К числу достоинств двухтомника нельзя не отнести и воспроизведение рисунков и картин поэта. Одаренность его в этой области несомненна. В живописных произведениях на него явно влиял Михаил Шварцман, в графике он был ближе к Евгению Михнову-Войтенко, своему близкому другу, но иные графические композиции, включающие тексты стихотворений, на редкость своеобычны и тонки. Подробно и дельно изложена биография Аронзона; чуть ли не впервые в подробностях освещены обстоятельства его гибели, которая, возможно, и не была сознательным самоубийством. Статья Александра Степанова “Живое все одену словом”, написанная в первой редакции в 1983 году, для своего времени очень достойна, но на нынешнем этапе изучения русской поэзии второй половины XX века, в том числе творчества Аронзона, уже не вполне удовлетворительна. Главные ее недостатки: во-первых, при множестве тонких наблюдений нет понимания поэтики Аронзона как цельной системы и, во-вторых, нет историко-литературного контекста; впрочем, это лучше, чем контекст ложный.

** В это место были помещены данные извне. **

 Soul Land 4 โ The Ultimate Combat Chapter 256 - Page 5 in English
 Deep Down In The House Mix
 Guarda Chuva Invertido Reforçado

Но работа, проделанная составителями двухтомника, открывает дорогу новым интерпретаторам и исследователям поэзии одного из самых сильных и высоких русских лириков второй половины XX века. Эта работа была бы невозможна без тех усилий, которые в течение многих лет прилагали друзья, близкие, поклонники поэта, хранители его памяти — прежде всего его вдова Рита Аронзон-Пуришинская и ее второй муж, режиссер Феликс Якубсон. Отрадно, что составители нашли возможность в той или иной форме выразить признательность и им, и брату поэта В. Л. Аронзону, и Елене Шварц, составившей первую посмертную книгу Аронзона (что уже само по себе говорит о той роли, которую играла его поэзия в андеграунде 1970–1980-х годов), и многим другим.[3]
Валерий Шубинский
Игроки и игралища
Очерк поэтического языка трех ленинградских поэтов 1960—1970-х годов
Современное искусство часто само себя определяет как искусство “концептуальное”. Распространено мнение, что современному художнику мало умения хорошо (и даже в индивидуальной, отличимой от иных манере) рисовать, а современному поэту — писать. Все это не имеет смысла при отсутствии определенной концепции. Вся конкретная работа с цветом, объемом, словом и звуком объявлена ремесленной. А художник в современном мире — не ремесленник, а мыслитель, изобретатель модели, в которой приобретают сиюминутное значение элементы “дизайна”. Текст и артефакт вне контекста — ничто.
Недавно ушел один из главных проповедников этой точки зрения, Дмитрий Александрович Пригов. И оказалось, что созданный им образ поэтической личности тоже мгновенно исчез, жизненная и творческая маска, одноименная автору, ушла вместе с ним. А стихи остались. Более того, тексты тридцатилетней давности пережили тот контекст, в котором они создавались, тот язык, который они, как будто, пародировали. Оказалось, что не образ автора порождает произведение, а само оно (при условии художественной полноценности, конечно) создает своего автора и определяет расстояние между ним и житейской персоной художника (расстояние, кстати, в каждом случае различное). Ведь даже Козьма Прутков как законченный образ был придуман задним числом, как результирующее из совместного стихотворного, драматургического и афористического творчества Толстого и Жемчужниковых.